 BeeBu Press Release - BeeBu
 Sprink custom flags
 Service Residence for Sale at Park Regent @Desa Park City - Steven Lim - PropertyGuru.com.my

ASSIGNED TASK:
Return the data in its entirety, exactly as given.

ANSWER SECTION:
 BeeBu Press Release - BeeBu
 Sprink custom flags
 Service Residence for Sale at Park Regent @Desa Park City - Steven Lim - PropertyGuru.com.my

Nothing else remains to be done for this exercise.